:: Material provided
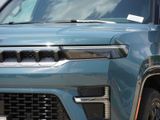 New 2026 Jeep Grand Wagoneer L SUV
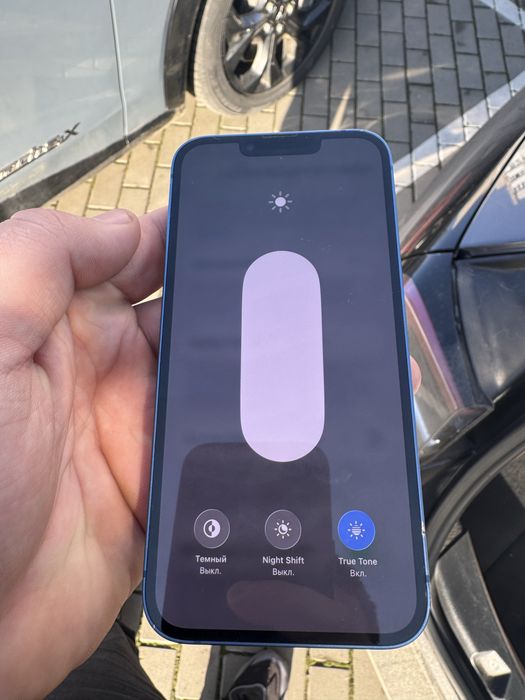 iPhone 13 128Blue neverlock ІДЕАЛЬНИЙ СТАН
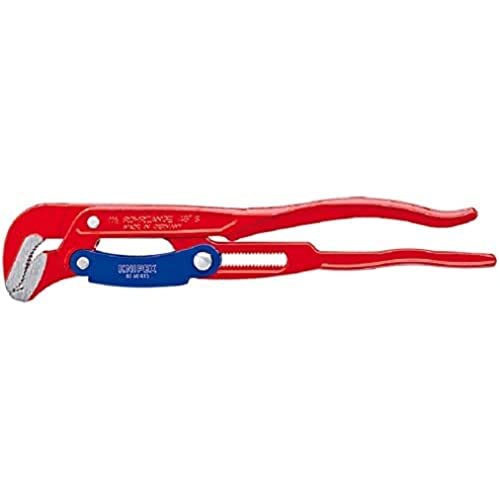 【中古】【未当て嵌める・未開封品】KNIPEX クニペックス スウェーデン王国型導管鍵 8360-015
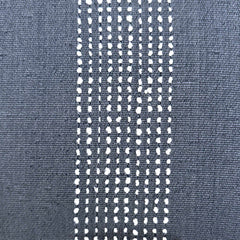 Caper Slate Blue Outdoor Pillow - Ornate Home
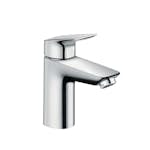 Tvättställsblandare Hansgrohe Logis 100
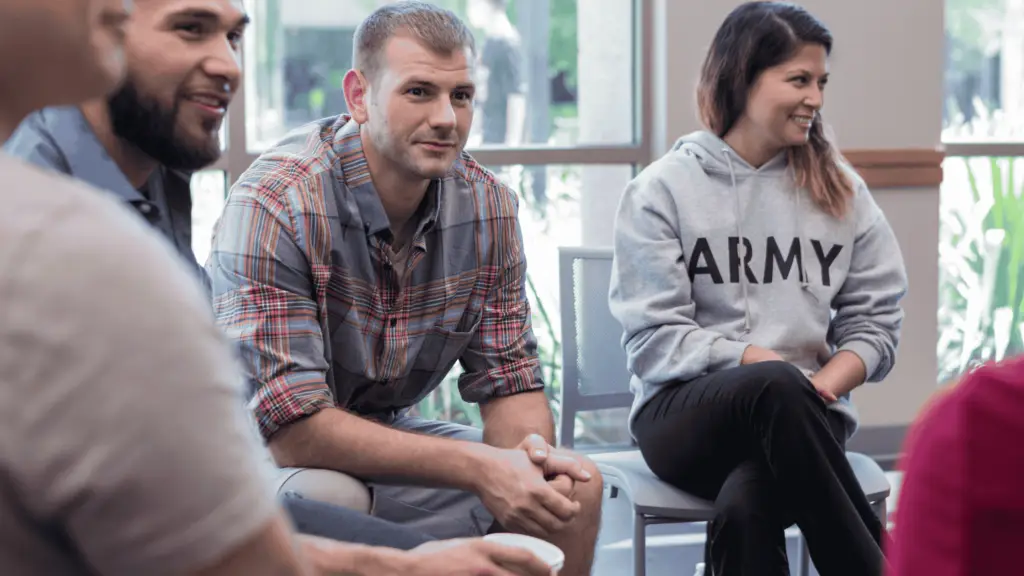 substance abuse treatment for veterans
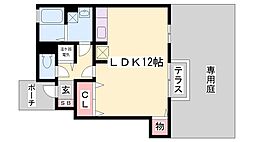 🉐敷金礼金0円！🉐ロイヤルメゾンマエダ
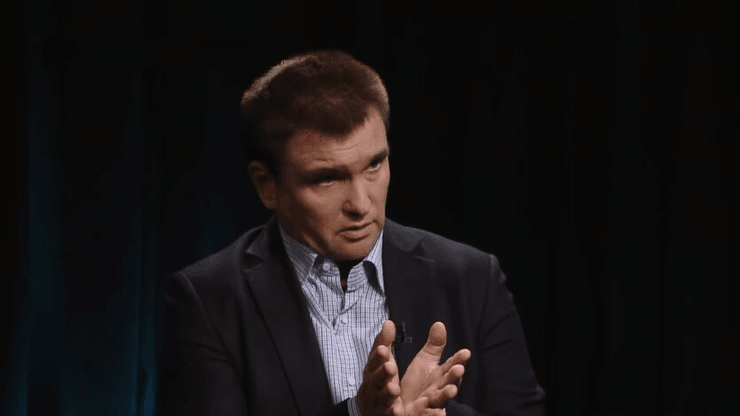 Павло Клімкін, агресія Росії, агресія Росії, російська загроза, глава мзс, міністр закордонних справ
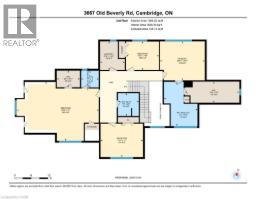 3667 OLD BEVERLY Road - 48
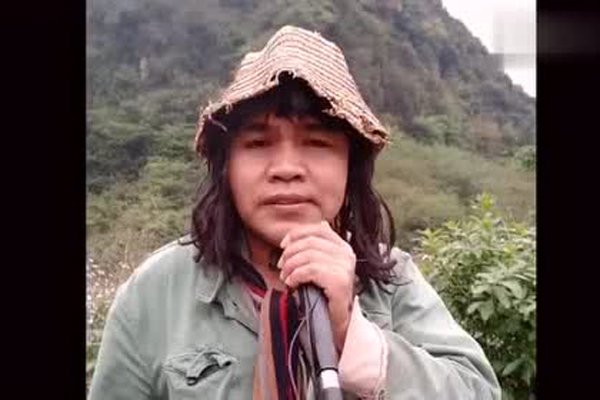 最火的民间乞丐歌手是谁 抖音很火的乞丐真实身份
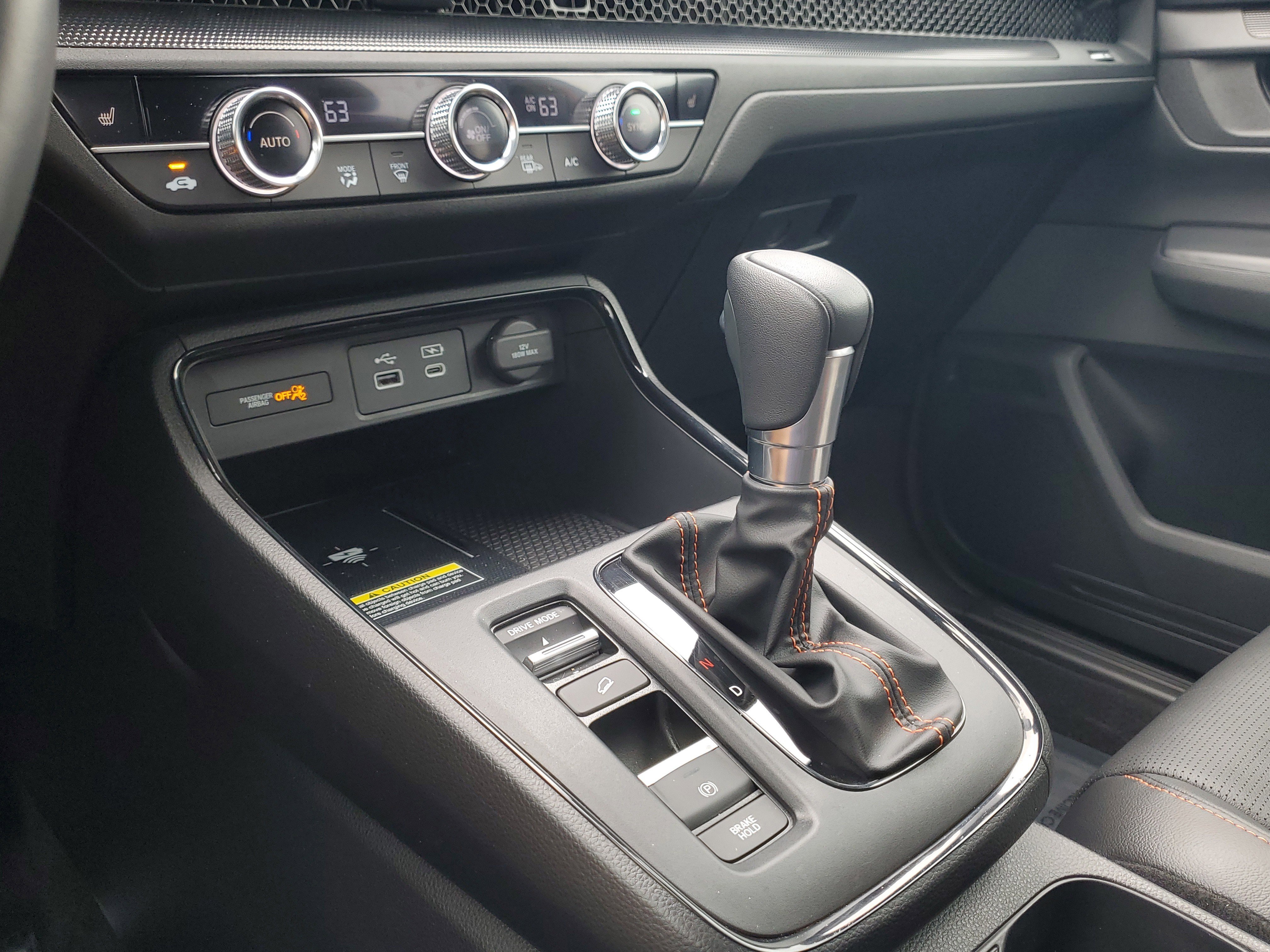 Used 2024 Honda CR-V Sport-L image 27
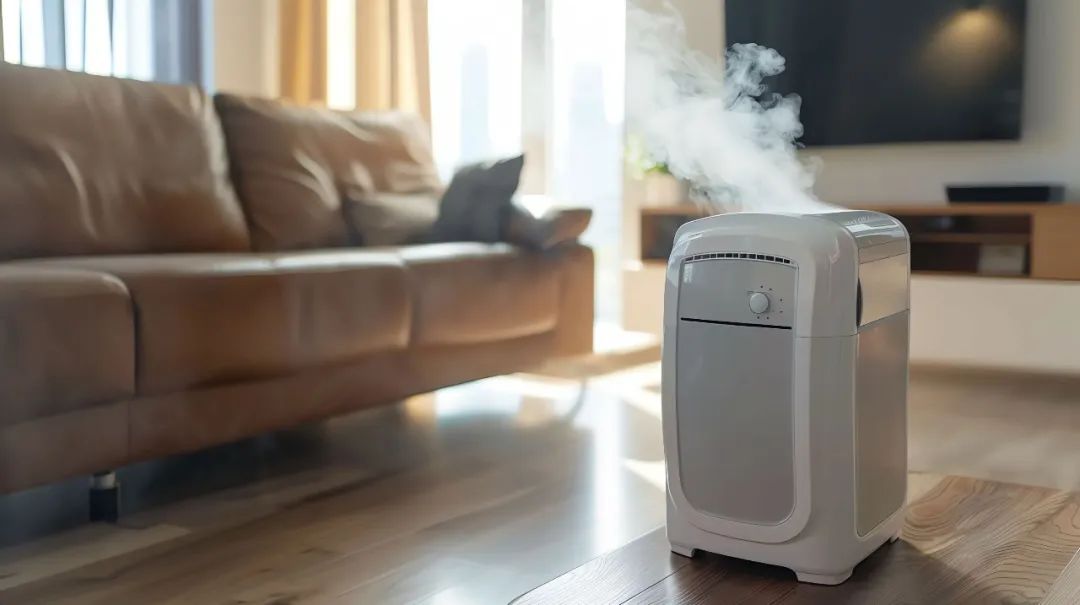 为什么要用湿化器干燥季救命指南：加湿器的正确打开方式，不允许你不知道→_https://www.jmylbn.com_新闻资讯_第19张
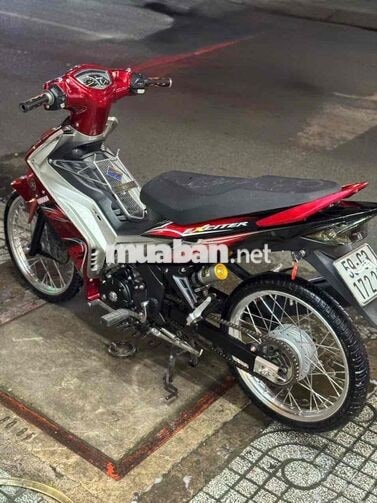 Exciter 1S9a 2010 full đồ chơi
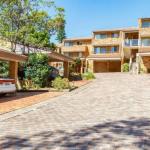 Oceanside 18 - Accommodation NT 0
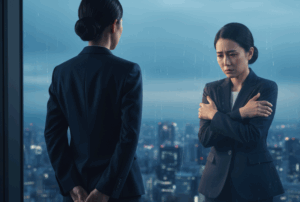 プライドが高いけどメンタルが弱い人の特徴と克服法を解説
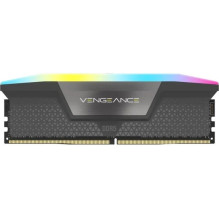 Corsair Vengeance RGB CMH32GX5M2B6000Z36K memory module 32 GB 2 x 16 GB DDR5 6000 MHz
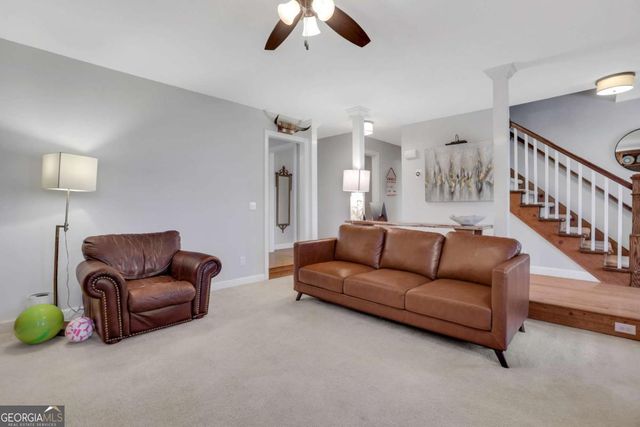 5813 Four Winds Drive SW, Lilburn, GA 30047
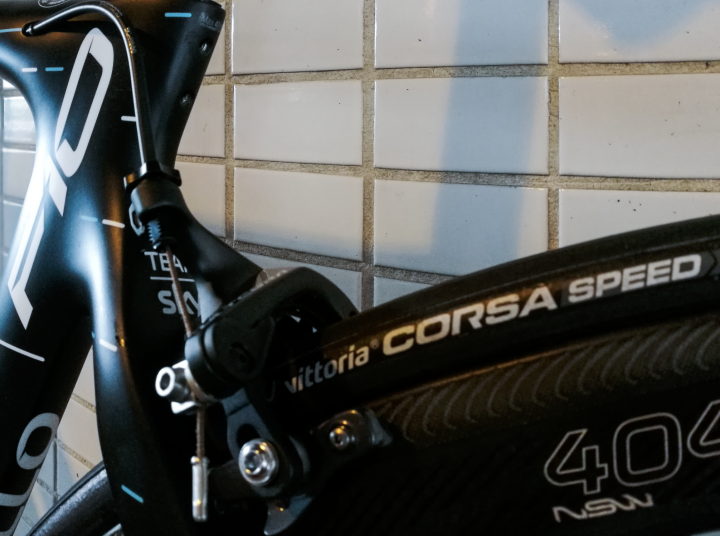 Pinarello Dogma F10 進化過程,ZIPP 404 NSW分享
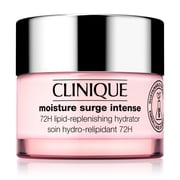 مرطب Clinique Moisture Surge Intense 72H لتجديد الدهون 1.0 أونصة جديد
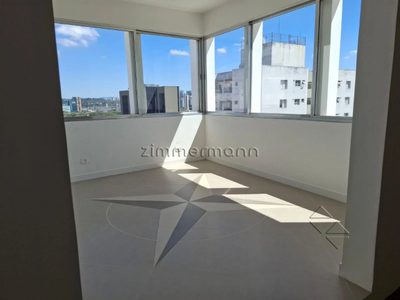 Cobertura, 4 quartos, 350 m² - Foto 2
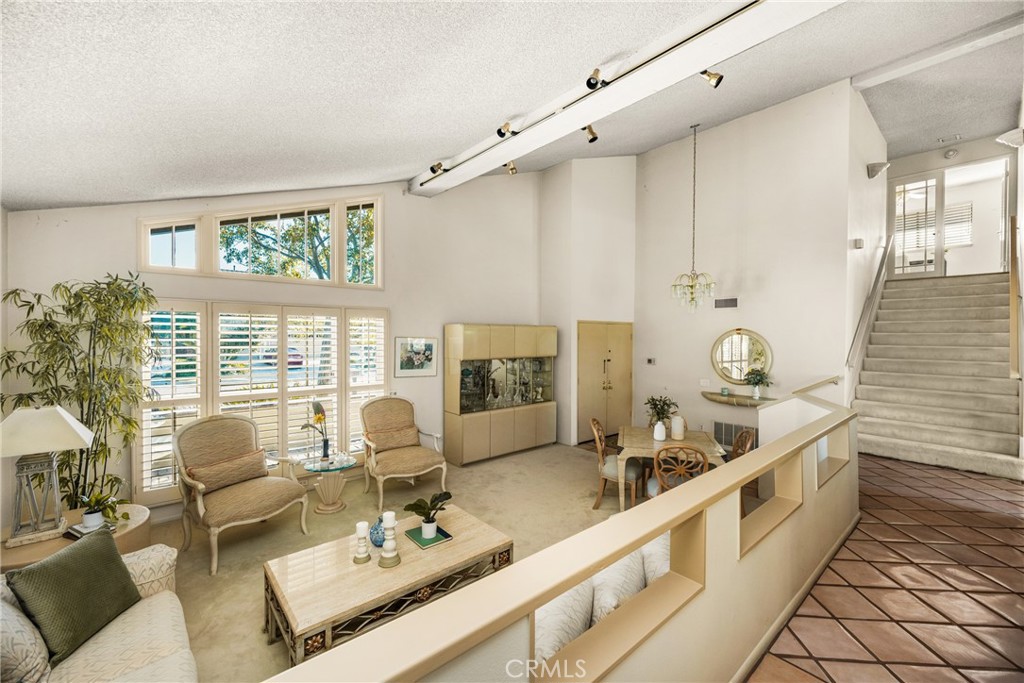 2927 Treeview Place Fullerton, CA 92835 - Photo 17 of 62 a large white kitchen with a large window
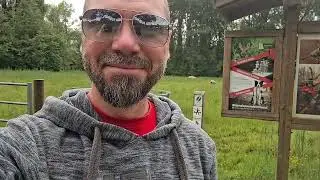 bike ride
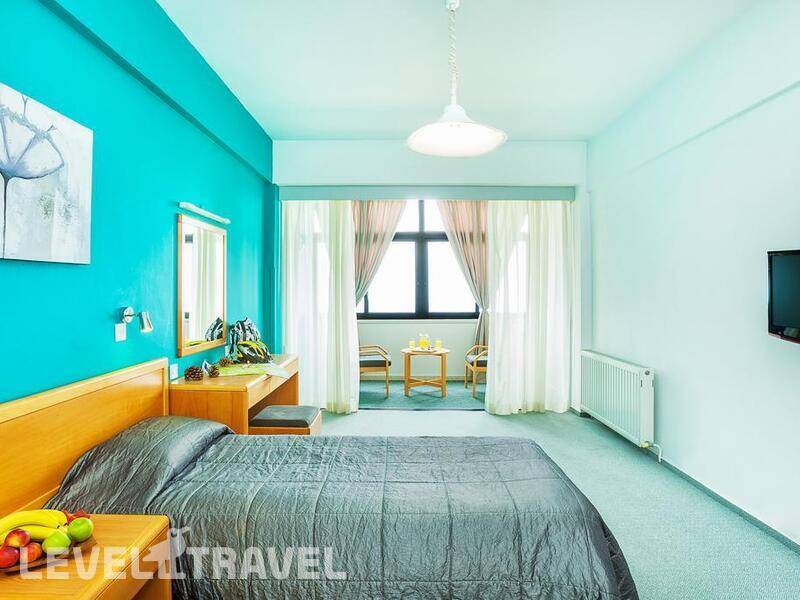 Фотография Troodos Hotel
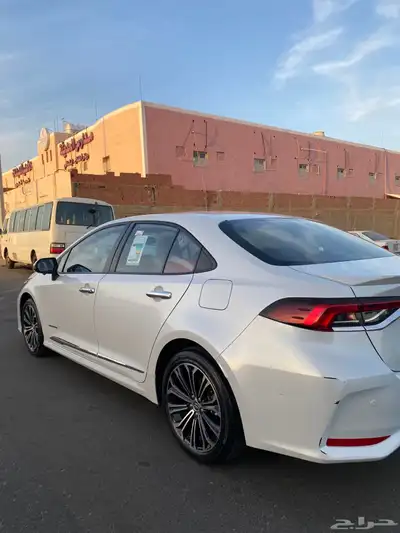 كرولا 23 1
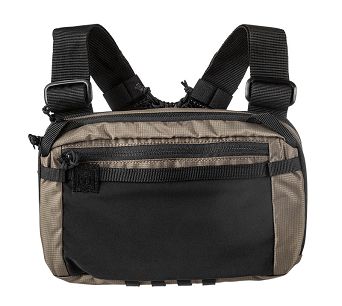 Saszetka 5.11 SKYWEIGHT UTIL CHEST PK kolor: MAJOR BROWN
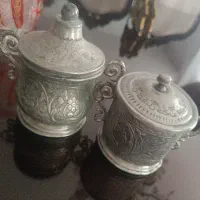 ظروف آنتیک|کلکسیون اشیاء عتیقه|دورود, |دیوار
::::
## Your objective
What you give back must be the data above, reproduced exactly and free of pictures.

## Exercise response
 New 2026 Jeep Grand Wagoneer L SUV
 iPhone 13 128Blue neverlock ІДЕАЛЬНИЙ СТАН
 【中古】【未当て嵌める・未開封品】KNIPEX クニペックス スウェーデン王国型導管鍵 8360-015
 Caper Slate Blue Outdoor Pillow - Ornate Home
 Tvättställsblandare Hansgrohe Logis 100
 substance abuse treatment for veterans
 🉐敷金礼金0円！🉐ロイヤルメゾンマエダ
 Павло Клімкін, агресія Росії, агресія Росії, російська загроза, глава мзс, міністр закордонних справ
 3667 OLD BEVERLY Road - 48
 最火的民间乞丐歌手是谁 抖音很火的乞丐真实身份
 Used 2024 Honda CR-V Sport-L image 27
 为什么要用湿化器干燥季救命指南：加湿器的正确打开方式，不允许你不知道→_https://www.jmylbn.com_新闻资讯_第19张
 Exciter 1S9a 2010 full đồ chơi
 Oceanside 18 - Accommodation NT 0
 プライドが高いけどメンタルが弱い人の特徴と克服法を解説
 Corsair Vengeance RGB CMH32GX5M2B6000Z36K memory module 32 GB 2 x 16 GB DDR5 6000 MHz
 5813 Four Winds Drive SW, Lilburn, GA 30047
 Pinarello Dogma F10 進化過程,ZIPP 404 NSW分享
 مرطب Clinique Moisture Surge Intense 72H لتجديد الدهون 1.0 أونصة جديد
 Cobertura, 4 quartos, 350 m² - Foto 2
 2927 Treeview Place Fullerton, CA 92835 - Photo 17 of 62 a large white kitchen with a large window
 bike ride
 Фотография Troodos Hotel
 كرولا 23 1
 Saszetka 5.11 SKYWEIGHT UTIL CHEST PK kolor: MAJOR BROWN
 ظروف آنتیک|کلکسیون اشیاء عتیقه|دورود, |دیوار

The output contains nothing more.